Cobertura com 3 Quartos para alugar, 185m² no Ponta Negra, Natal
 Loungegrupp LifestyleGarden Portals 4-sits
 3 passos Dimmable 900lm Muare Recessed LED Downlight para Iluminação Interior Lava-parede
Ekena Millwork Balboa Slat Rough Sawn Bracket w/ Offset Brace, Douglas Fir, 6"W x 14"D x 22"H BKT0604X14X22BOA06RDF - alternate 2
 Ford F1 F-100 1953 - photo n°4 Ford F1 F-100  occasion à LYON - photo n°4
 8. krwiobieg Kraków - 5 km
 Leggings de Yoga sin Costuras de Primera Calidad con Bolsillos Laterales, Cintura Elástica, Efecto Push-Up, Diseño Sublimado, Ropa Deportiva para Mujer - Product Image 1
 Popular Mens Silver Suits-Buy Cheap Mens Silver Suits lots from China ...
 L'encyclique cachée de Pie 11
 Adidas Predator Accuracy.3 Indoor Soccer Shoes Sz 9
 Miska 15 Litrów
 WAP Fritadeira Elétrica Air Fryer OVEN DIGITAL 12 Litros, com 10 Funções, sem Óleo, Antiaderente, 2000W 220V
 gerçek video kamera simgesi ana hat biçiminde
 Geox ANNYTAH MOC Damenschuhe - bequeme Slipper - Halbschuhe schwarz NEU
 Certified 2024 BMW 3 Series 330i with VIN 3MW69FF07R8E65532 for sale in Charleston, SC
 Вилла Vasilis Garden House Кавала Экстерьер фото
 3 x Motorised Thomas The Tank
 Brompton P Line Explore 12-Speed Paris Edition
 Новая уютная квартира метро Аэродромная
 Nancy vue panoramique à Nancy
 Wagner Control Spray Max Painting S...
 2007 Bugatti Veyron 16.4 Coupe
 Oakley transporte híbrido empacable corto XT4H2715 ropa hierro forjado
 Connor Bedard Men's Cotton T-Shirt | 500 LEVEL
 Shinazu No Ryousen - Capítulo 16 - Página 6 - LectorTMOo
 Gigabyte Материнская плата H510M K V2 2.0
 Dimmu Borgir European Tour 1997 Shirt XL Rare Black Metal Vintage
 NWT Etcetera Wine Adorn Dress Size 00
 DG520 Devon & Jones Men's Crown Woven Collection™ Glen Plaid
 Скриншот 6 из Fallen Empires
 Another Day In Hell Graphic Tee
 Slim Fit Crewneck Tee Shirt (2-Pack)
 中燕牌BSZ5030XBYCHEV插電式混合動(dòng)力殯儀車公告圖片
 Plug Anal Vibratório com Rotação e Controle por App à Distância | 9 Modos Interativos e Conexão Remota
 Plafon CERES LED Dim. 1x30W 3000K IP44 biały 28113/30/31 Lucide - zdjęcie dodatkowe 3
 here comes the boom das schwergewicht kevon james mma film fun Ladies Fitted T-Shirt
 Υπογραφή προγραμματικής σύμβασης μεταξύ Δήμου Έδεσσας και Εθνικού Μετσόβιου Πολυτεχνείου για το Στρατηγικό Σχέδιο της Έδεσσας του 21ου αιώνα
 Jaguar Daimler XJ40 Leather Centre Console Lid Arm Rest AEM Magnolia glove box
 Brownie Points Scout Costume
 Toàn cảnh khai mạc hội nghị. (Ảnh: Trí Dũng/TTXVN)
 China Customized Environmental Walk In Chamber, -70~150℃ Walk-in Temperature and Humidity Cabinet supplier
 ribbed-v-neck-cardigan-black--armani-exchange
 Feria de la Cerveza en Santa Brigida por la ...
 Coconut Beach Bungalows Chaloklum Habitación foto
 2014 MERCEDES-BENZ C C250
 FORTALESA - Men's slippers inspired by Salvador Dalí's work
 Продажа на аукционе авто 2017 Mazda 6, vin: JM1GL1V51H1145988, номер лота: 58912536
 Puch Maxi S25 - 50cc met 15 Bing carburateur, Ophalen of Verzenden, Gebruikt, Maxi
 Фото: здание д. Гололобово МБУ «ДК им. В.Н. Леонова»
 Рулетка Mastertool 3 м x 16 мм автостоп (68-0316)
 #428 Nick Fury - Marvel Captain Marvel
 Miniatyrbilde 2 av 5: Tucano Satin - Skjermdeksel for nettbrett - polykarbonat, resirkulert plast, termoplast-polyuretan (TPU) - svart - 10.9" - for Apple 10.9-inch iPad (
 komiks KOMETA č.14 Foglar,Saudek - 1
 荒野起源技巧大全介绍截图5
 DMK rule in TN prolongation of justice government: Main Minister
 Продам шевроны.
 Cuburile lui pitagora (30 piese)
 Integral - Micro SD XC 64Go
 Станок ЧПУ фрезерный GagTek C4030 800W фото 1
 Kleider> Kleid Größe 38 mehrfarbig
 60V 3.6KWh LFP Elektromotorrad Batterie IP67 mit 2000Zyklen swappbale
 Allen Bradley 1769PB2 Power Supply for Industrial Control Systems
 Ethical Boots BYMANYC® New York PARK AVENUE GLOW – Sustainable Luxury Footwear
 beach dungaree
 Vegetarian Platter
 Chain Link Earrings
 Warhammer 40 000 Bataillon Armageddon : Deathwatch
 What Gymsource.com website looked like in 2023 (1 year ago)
####################
Exercise objective: The data above is to be restated line for line, word for word.

Answer section:
Cobertura com 3 Quartos para alugar, 185m² no Ponta Negra, Natal
 Loungegrupp LifestyleGarden Portals 4-sits
 3 passos Dimmable 900lm Muare Recessed LED Downlight para Iluminação Interior Lava-parede
Ekena Millwork Balboa Slat Rough Sawn Bracket w/ Offset Brace, Douglas Fir, 6"W x 14"D x 22"H BKT0604X14X22BOA06RDF - alternate 2
 Ford F1 F-100 1953 - photo n°4 Ford F1 F-100  occasion à LYON - photo n°4
 8. krwiobieg Kraków - 5 km
 Leggings de Yoga sin Costuras de Primera Calidad con Bolsillos Laterales, Cintura Elástica, Efecto Push-Up, Diseño Sublimado, Ropa Deportiva para Mujer - Product Image 1
 Popular Mens Silver Suits-Buy Cheap Mens Silver Suits lots from China ...
 L'encyclique cachée de Pie 11
 Adidas Predator Accuracy.3 Indoor Soccer Shoes Sz 9
 Miska 15 Litrów
 WAP Fritadeira Elétrica Air Fryer OVEN DIGITAL 12 Litros, com 10 Funções, sem Óleo, Antiaderente, 2000W 220V
 gerçek video kamera simgesi ana hat biçiminde
 Geox ANNYTAH MOC Damenschuhe - bequeme Slipper - Halbschuhe schwarz NEU
 Certified 2024 BMW 3 Series 330i with VIN 3MW69FF07R8E65532 for sale in Charleston, SC
 Вилла Vasilis Garden House Кавала Экстерьер фото
 3 x Motorised Thomas The Tank
 Brompton P Line Explore 12-Speed Paris Edition
 Новая уютная квартира метро Аэродромная
 Nancy vue panoramique à Nancy
 Wagner Control Spray Max Painting S...
 2007 Bugatti Veyron 16.4 Coupe
 Oakley transporte híbrido empacable corto XT4H2715 ropa hierro forjado
 Connor Bedard Men's Cotton T-Shirt | 500 LEVEL
 Shinazu No Ryousen - Capítulo 16 - Página 6 - LectorTMOo
 Gigabyte Материнская плата H510M K V2 2.0
 Dimmu Borgir European Tour 1997 Shirt XL Rare Black Metal Vintage
 NWT Etcetera Wine Adorn Dress Size 00
 DG520 Devon & Jones Men's Crown Woven Collection™ Glen Plaid
 Скриншот 6 из Fallen Empires
 Another Day In Hell Graphic Tee
 Slim Fit Crewneck Tee Shirt (2-Pack)
 中燕牌BSZ5030XBYCHEV插電式混合動(dòng)力殯儀車公告圖片
 Plug Anal Vibratório com Rotação e Controle por App à Distância | 9 Modos Interativos e Conexão Remota
 Plafon CERES LED Dim. 1x30W 3000K IP44 biały 28113/30/31 Lucide - zdjęcie dodatkowe 3
 here comes the boom das schwergewicht kevon james mma film fun Ladies Fitted T-Shirt
 Υπογραφή προγραμματικής σύμβασης μεταξύ Δήμου Έδεσσας και Εθνικού Μετσόβιου Πολυτεχνείου για το Στρατηγικό Σχέδιο της Έδεσσας του 21ου αιώνα
 Jaguar Daimler XJ40 Leather Centre Console Lid Arm Rest AEM Magnolia glove box
 Brownie Points Scout Costume
 Toàn cảnh khai mạc hội nghị. (Ảnh: Trí Dũng/TTXVN)
 China Customized Environmental Walk In Chamber, -70~150℃ Walk-in Temperature and Humidity Cabinet supplier
 ribbed-v-neck-cardigan-black--armani-exchange
 Feria de la Cerveza en Santa Brigida por la ...
 Coconut Beach Bungalows Chaloklum Habitación foto
 2014 MERCEDES-BENZ C C250
 FORTALESA - Men's slippers inspired by Salvador Dalí's work
 Продажа на аукционе авто 2017 Mazda 6, vin: JM1GL1V51H1145988, номер лота: 58912536
 Puch Maxi S25 - 50cc met 15 Bing carburateur, Ophalen of Verzenden, Gebruikt, Maxi
 Фото: здание д. Гололобово МБУ «ДК им. В.Н. Леонова»
 Рулетка Mastertool 3 м x 16 мм автостоп (68-0316)
 #428 Nick Fury - Marvel Captain Marvel
 Miniatyrbilde 2 av 5: Tucano Satin - Skjermdeksel for nettbrett - polykarbonat, resirkulert plast, termoplast-polyuretan (TPU) - svart - 10.9" - for Apple 10.9-inch iPad (
 komiks KOMETA č.14 Foglar,Saudek - 1
 荒野起源技巧大全介绍截图5
 DMK rule in TN prolongation of justice government: Main Minister
 Продам шевроны.
 Cuburile lui pitagora (30 piese)
 Integral - Micro SD XC 64Go
 Станок ЧПУ фрезерный GagTek C4030 800W фото 1
 Kleider> Kleid Größe 38 mehrfarbig
 60V 3.6KWh LFP Elektromotorrad Batterie IP67 mit 2000Zyklen swappbale
 Allen Bradley 1769PB2 Power Supply for Industrial Control Systems
 Ethical Boots BYMANYC® New York PARK AVENUE GLOW – Sustainable Luxury Footwear
 beach dungaree
 Vegetarian Platter
 Chain Link Earrings
 Warhammer 40 000 Bataillon Armageddon : Deathwatch
 What Gymsource.com website looked like in 2023 (1 year ago)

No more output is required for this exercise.